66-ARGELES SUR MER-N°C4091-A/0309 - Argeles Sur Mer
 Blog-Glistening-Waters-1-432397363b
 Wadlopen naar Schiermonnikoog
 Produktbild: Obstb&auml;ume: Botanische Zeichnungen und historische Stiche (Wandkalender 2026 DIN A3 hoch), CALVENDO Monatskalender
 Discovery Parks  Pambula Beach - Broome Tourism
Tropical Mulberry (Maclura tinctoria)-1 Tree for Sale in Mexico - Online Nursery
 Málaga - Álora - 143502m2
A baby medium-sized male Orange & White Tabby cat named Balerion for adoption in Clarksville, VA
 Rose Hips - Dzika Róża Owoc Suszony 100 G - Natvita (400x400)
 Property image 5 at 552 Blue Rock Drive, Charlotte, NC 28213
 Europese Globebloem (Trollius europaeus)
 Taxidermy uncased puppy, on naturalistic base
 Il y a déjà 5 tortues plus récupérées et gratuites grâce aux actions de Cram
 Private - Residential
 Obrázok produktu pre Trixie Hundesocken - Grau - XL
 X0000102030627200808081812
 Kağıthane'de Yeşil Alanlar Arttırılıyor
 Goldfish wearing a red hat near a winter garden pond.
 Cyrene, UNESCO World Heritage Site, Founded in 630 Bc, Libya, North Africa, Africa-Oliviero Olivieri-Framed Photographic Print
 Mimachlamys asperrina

--- Required action ---
All the records, from the first line to the last: repeat them exactly.

--- Written response ---
66-ARGELES SUR MER-N°C4091-A/0309 - Argeles Sur Mer
 Blog-Glistening-Waters-1-432397363b
 Wadlopen naar Schiermonnikoog
 Produktbild: Obstb&auml;ume: Botanische Zeichnungen und historische Stiche (Wandkalender 2026 DIN A3 hoch), CALVENDO Monatskalender
 Discovery Parks  Pambula Beach - Broome Tourism
Tropical Mulberry (Maclura tinctoria)-1 Tree for Sale in Mexico - Online Nursery
 Málaga - Álora - 143502m2
A baby medium-sized male Orange & White Tabby cat named Balerion for adoption in Clarksville, VA
 Rose Hips - Dzika Róża Owoc Suszony 100 G - Natvita (400x400)
 Property image 5 at 552 Blue Rock Drive, Charlotte, NC 28213
 Europese Globebloem (Trollius europaeus)
 Taxidermy uncased puppy, on naturalistic base
 Il y a déjà 5 tortues plus récupérées et gratuites grâce aux actions de Cram
 Private - Residential
 Obrázok produktu pre Trixie Hundesocken - Grau - XL
 X0000102030627200808081812
 Kağıthane'de Yeşil Alanlar Arttırılıyor
 Goldfish wearing a red hat near a winter garden pond.
 Cyrene, UNESCO World Heritage Site, Founded in 630 Bc, Libya, North Africa, Africa-Oliviero Olivieri-Framed Photographic Print
 Mimachlamys asperrina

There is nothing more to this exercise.